The Hydrogen Bond

Water’s chemical formula is H₂O. In the water molecule, the oxygen atom forms one bond with each of the two hydrogen atoms. Chemists call these bonds covalent bonds, which consist of a pair of shared electrons. The oxygen nucleus is bigger and pulls on those electrons harder than the hydrogen nucleus, so those electrons shift closer to the oxygen nucleus. This makes the oxygen side of the bond slightly negative and the hydrogen side of the bond slightly positive, like a little magnet. When two water molecules come together, the negative side of one molecule’s H-O bond is attracted to the positive side of another molecule's H-O bond. This intermolecular attractive force is the hydrogen bond. It is responsible for the unique chemical and physical properties of water.

In liquid water, the angle between the two H-O bonds is 104.5 degrees.

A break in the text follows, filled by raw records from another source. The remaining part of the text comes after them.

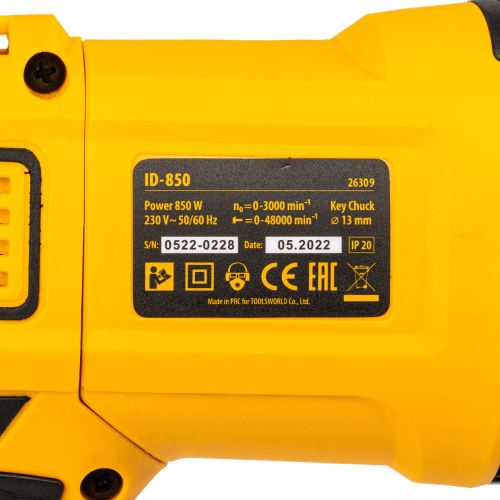 Дрель ударная ID-850, 850 Вт, 0-3000 об/мин, 48000 уд/мин Denzel по ценам производителя в Уфе с доставкой по всей России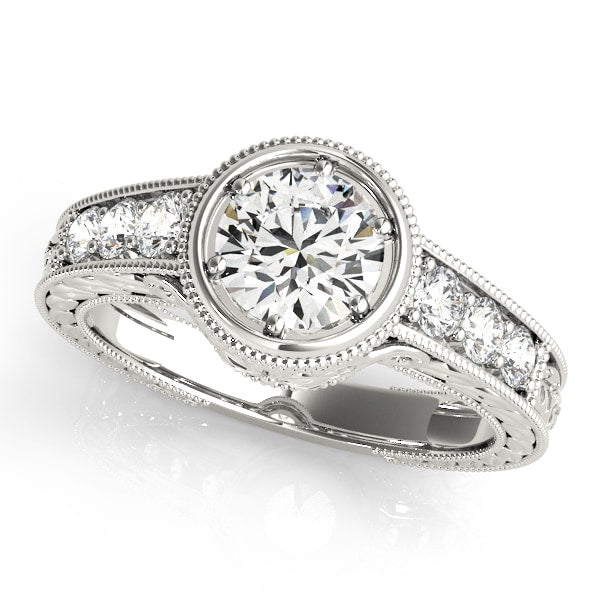 14K White Gold 2 ct tw Vintage Diamond Engagement Ring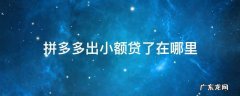 拼多多出小额贷了在哪里 拼多多小额贷款在哪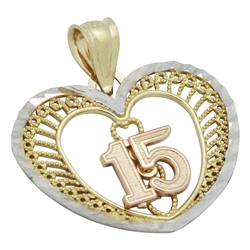 14KTDCP1027 - 14KT Gold 15 AÃ±os QuinceÃ±era Filigree Heart Pendant 22mm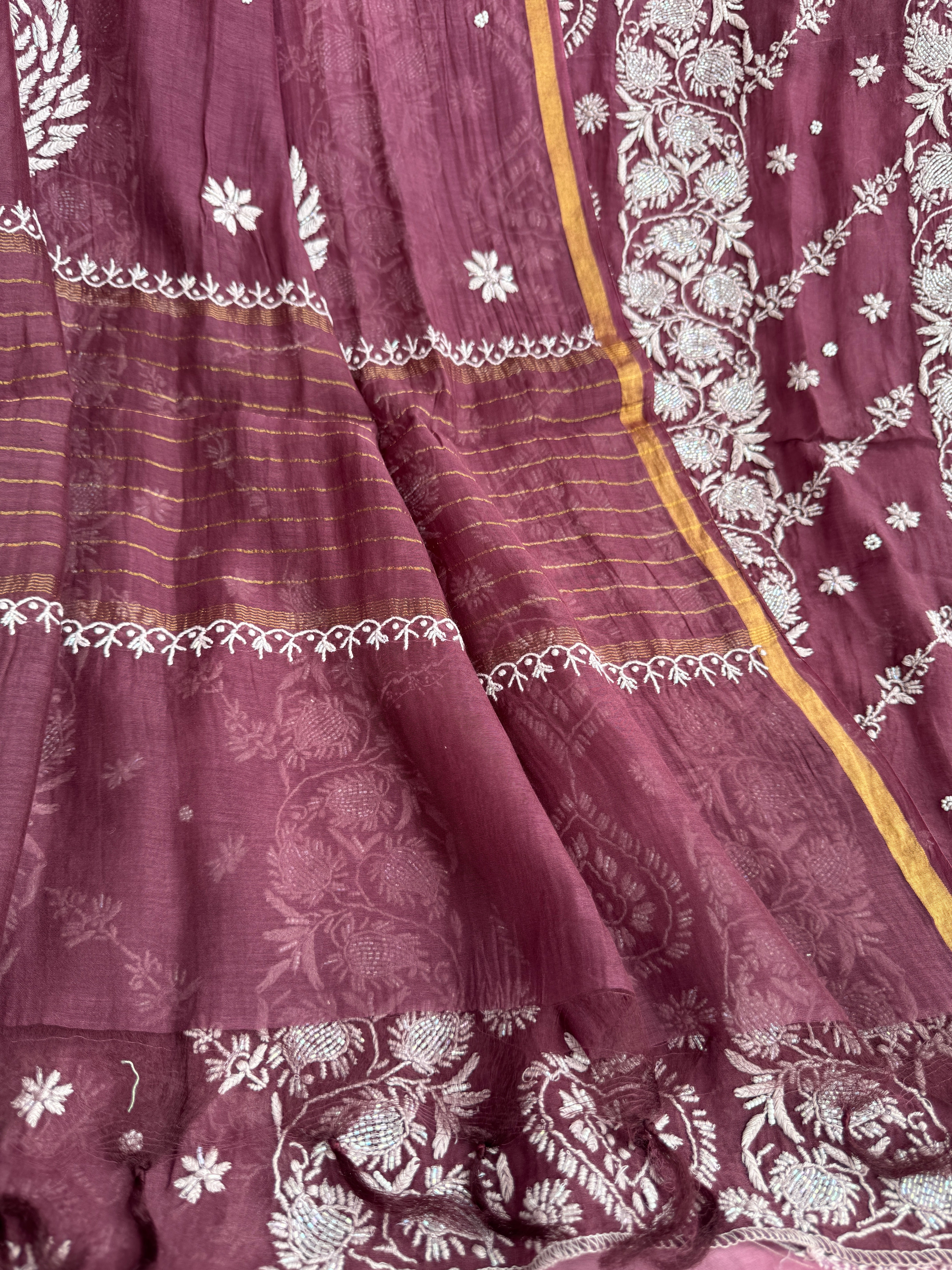 Mul Chanderi Chikankari - Heavy Unstitched Set - Plum Purple Ombre ARIAA CHIKANKARI 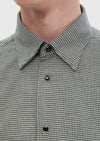 Koyu Gri Desenli Casual Fit Uzun Dokuma Casual %100 Pamuk Gömlek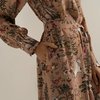 Платье с принтом "Единороги" и поясом с декоративными кистями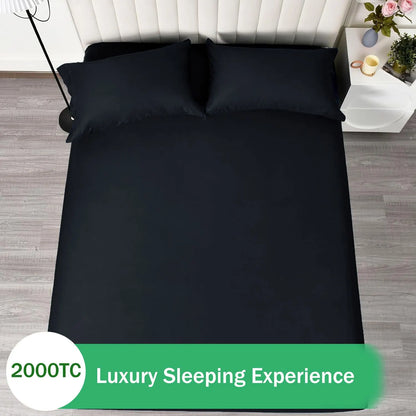 2 Piece Fitted Sheet Set- Fitted Sheet & Pillowcases -Breathable Bedding - Wrinkle, Fade, Stain Resistant- 40cm Deep Pocket Fitted Bed Sheet Set(Black,Single) - Image 5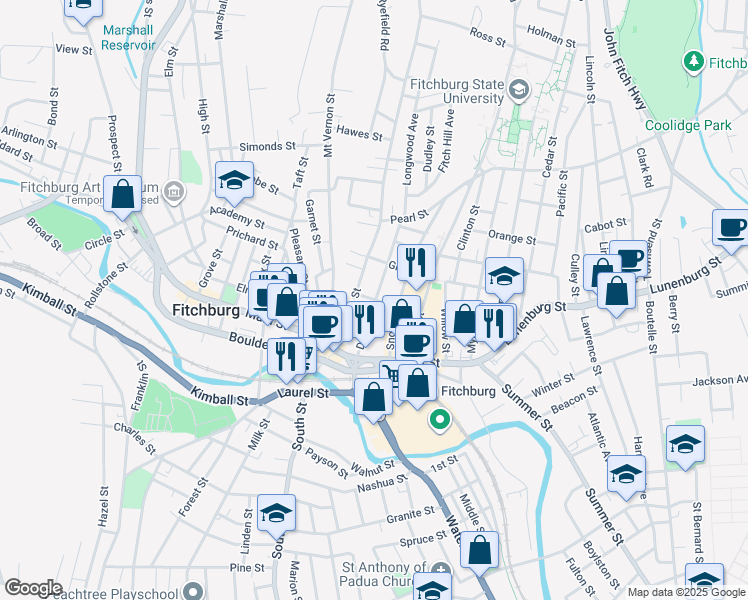 map of restaurants, bars, coffee shops, grocery stores, and more near 9 Union Street in Fitchburg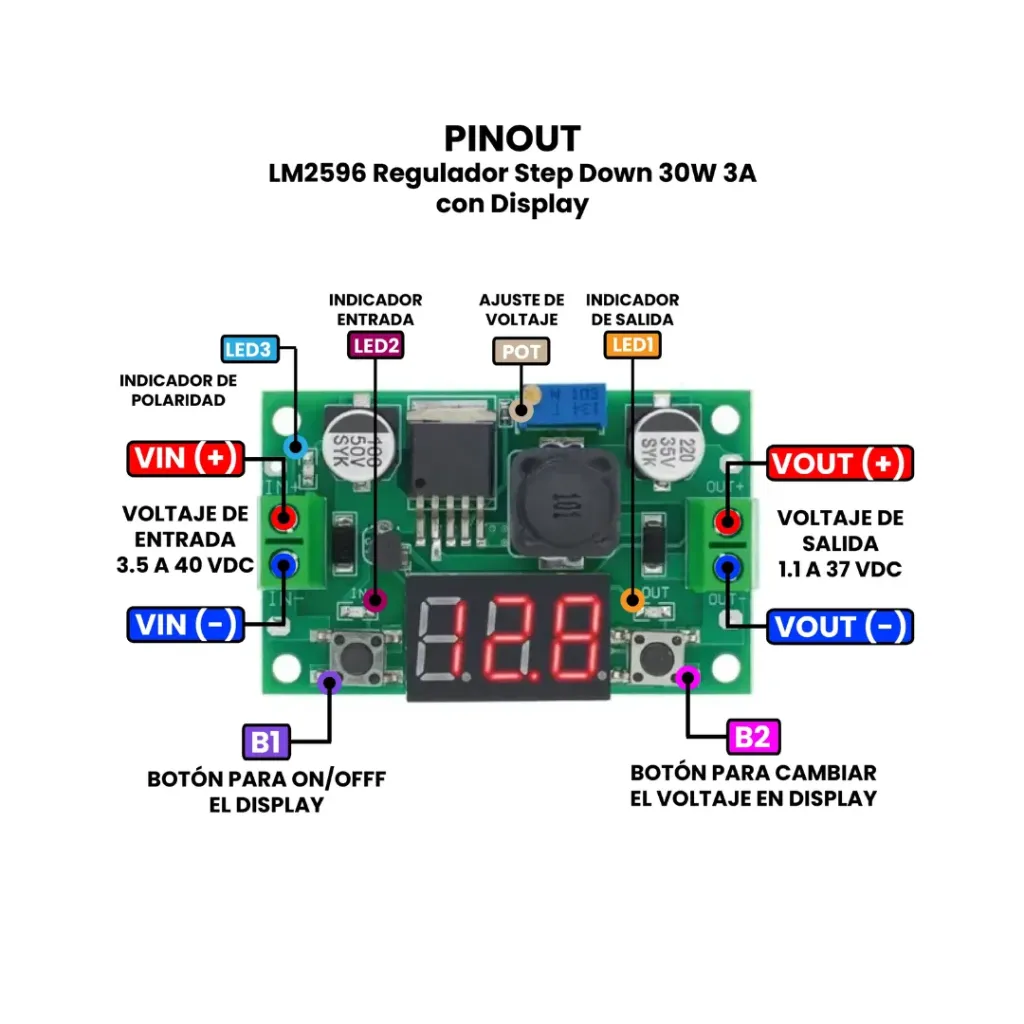 Modulo Regulador Step Down 30W 3A con Display "LM2596 "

As temperature drops, the water molecules become less restless and form more hydrogen bonds with each other. When water freezes, the molecules settle into a crystalline structure and snap into a grid, where the angle between the two H-O bonds widens to 109 degrees. Each water molecule occupies more space in ice than in liquid water. That’s why water expands when it freezes.

A polar covalent bond doesn’t form every time a hydrogen atom shows up. For instance, the C-H bond prevalent in organic compounds is not considered polar; therefore, fat molecules don’t form hydrogen bonds with each other or with water. That’s why oil does not dissolve in water.

But water is actually a very powerful solvent. For a solute (the substance to be dissolved) to dissolve in a solvent, the solvent molecules have to attach to the solute molecules, wrap them up, and pull them away from other molecules of the solute. In the case of salt, because the bond between the sodium and chloride atoms is an ionic bond (they don’t share a pair of electrons; the sodium atom has completely given up an electron to the chloride atom), the little magnets in water molecules tear the sodium ion away from the chloride ion. They exist as separate ions in the solution. In the case of sugar, the sucrose molecules don’t break apart, but they do form intermolecular bonds with the water molecules. Individual sucrose molecules are pulled away from each other by the water molecules that swarm them and dissolve into water.

It takes energy to break the existing bonds among sucrose molecules and the hydrogen bonds among water molecules. As temperature rises, more energy means more sugar dissolves in water. Sugar solutions of different concentrations, when cooled, result in different candy textures. The candy thermometer is a convenient tool to indirectly measure the sugar concentration by measuring the temperature of the syrup.